Exercise material
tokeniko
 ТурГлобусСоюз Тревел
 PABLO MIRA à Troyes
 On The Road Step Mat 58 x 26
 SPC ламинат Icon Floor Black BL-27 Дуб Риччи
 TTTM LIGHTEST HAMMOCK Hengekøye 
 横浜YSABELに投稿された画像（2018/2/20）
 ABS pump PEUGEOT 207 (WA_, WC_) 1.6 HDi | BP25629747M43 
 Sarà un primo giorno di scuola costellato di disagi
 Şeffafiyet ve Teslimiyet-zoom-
--
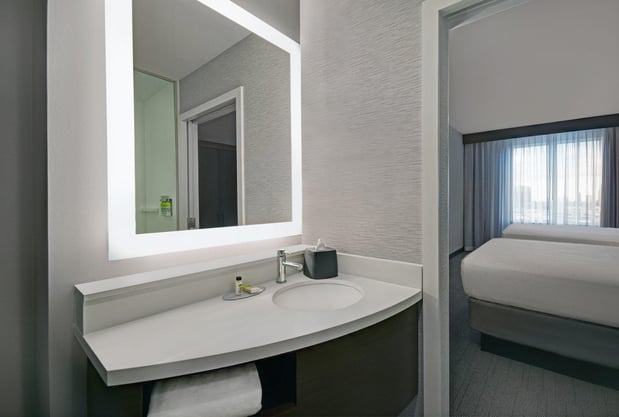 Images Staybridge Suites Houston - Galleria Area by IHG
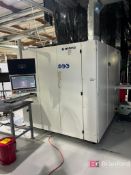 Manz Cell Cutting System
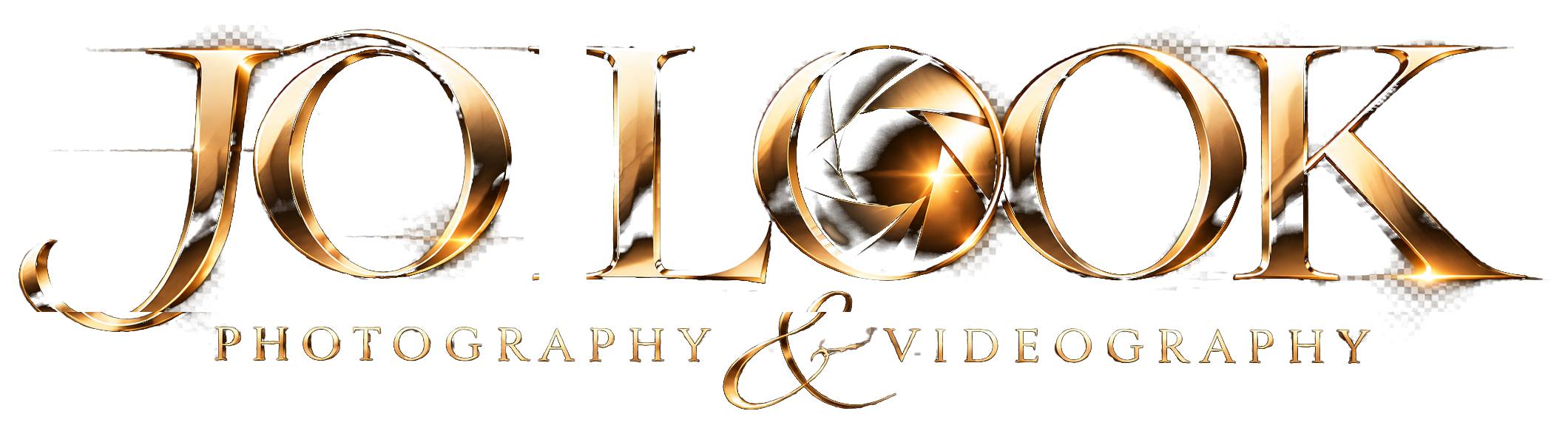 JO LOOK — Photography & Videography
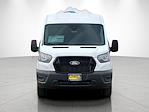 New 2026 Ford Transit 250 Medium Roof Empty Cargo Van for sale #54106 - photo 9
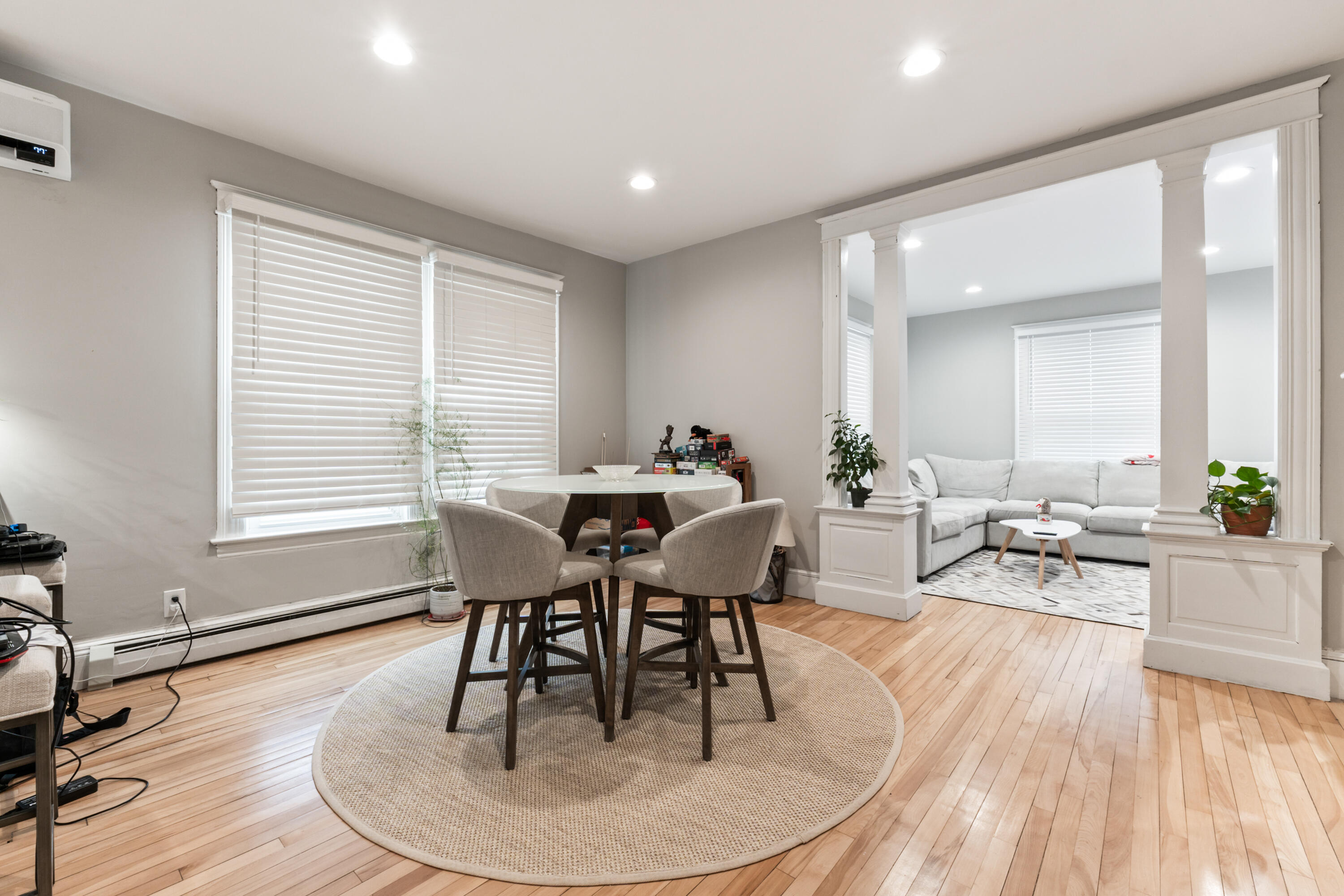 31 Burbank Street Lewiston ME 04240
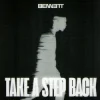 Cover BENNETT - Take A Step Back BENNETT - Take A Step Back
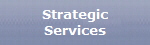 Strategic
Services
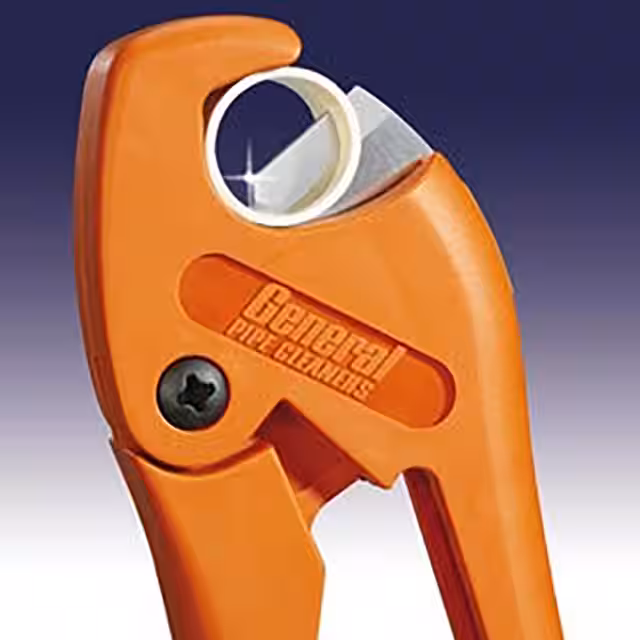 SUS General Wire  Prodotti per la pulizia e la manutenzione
---
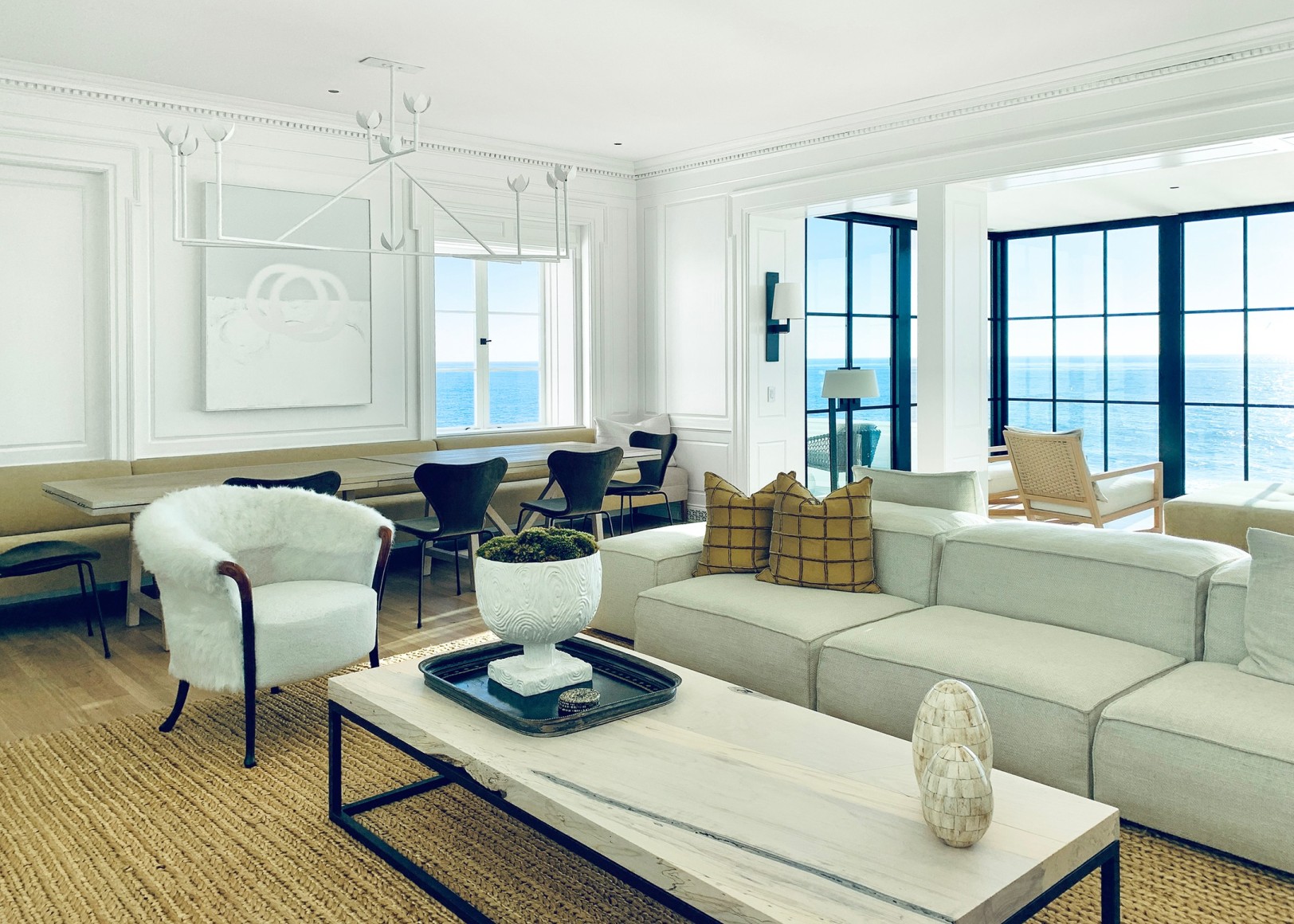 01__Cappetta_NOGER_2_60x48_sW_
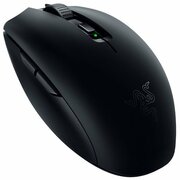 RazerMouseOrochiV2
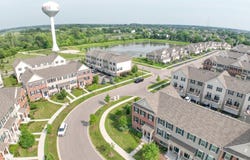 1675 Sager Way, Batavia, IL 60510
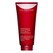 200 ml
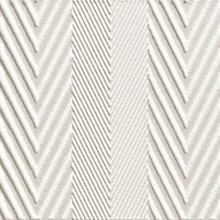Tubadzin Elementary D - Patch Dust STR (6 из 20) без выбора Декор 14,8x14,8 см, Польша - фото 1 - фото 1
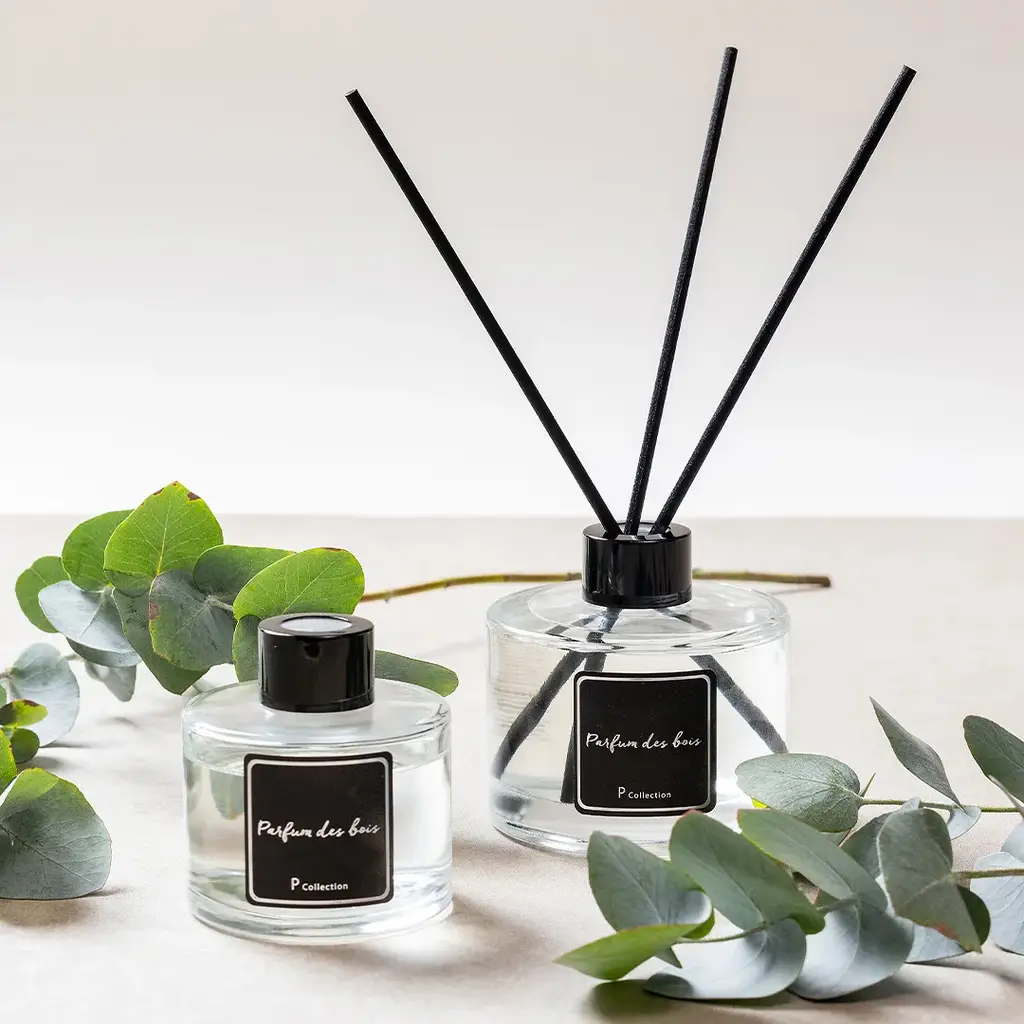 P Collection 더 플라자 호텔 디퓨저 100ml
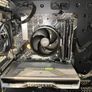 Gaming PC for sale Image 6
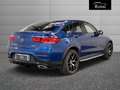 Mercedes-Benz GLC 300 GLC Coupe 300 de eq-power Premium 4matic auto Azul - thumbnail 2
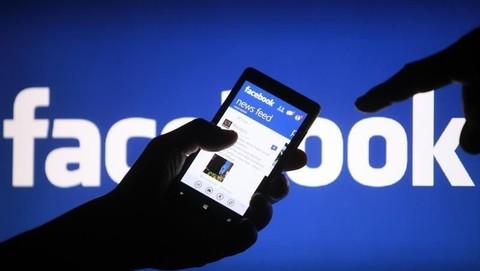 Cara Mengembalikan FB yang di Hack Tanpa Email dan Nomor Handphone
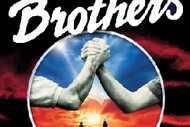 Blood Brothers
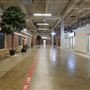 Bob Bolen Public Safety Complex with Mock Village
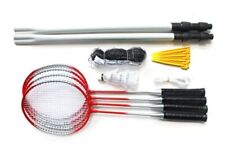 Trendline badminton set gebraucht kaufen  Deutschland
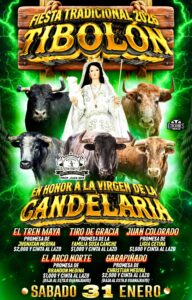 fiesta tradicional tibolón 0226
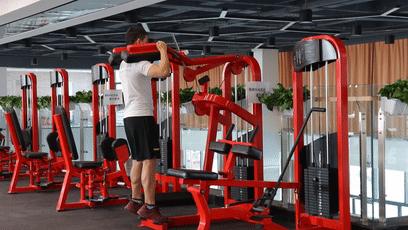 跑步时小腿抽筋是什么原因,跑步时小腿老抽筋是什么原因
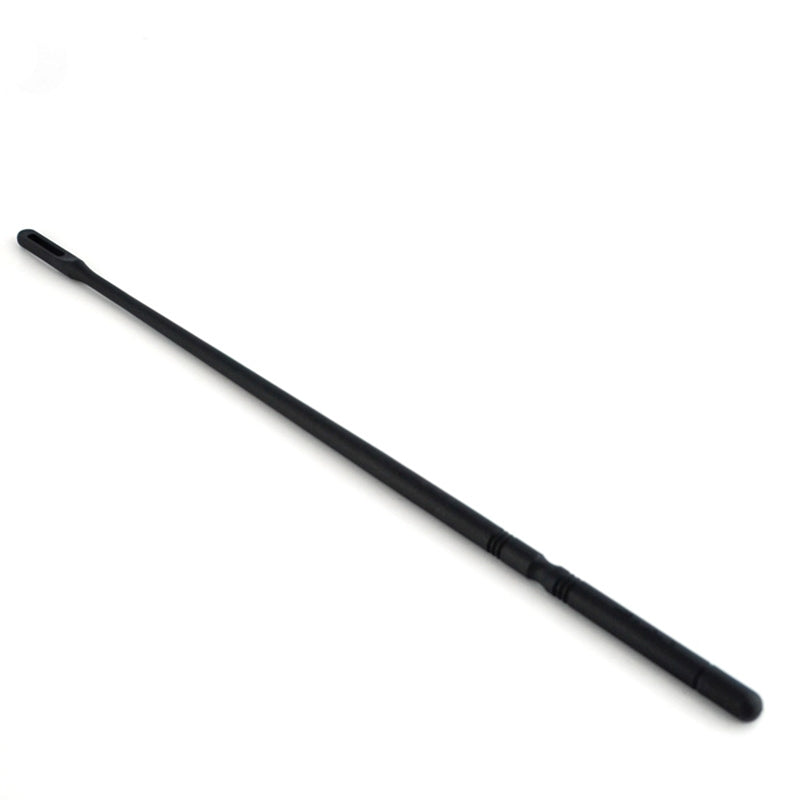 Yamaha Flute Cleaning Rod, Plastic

Exercise requirements
Reproduce exactly the lines above that run from the one with "JO LOOK — Photography & Videography" to the one with "SUS General Wire", both included, leaving pictures out.

Exercise solution
 JO LOOK — Photography & Videography
 New 2026 Ford Transit 250 Medium Roof Empty Cargo Van for sale #54106 - photo 9
 31 Burbank Street Lewiston ME 04240
 Cover BENNETT - Take A Step Back BENNETT - Take A Step Back
 Strategic
Services
 SUS General Wire  Prodotti per la pulizia e la manutenzione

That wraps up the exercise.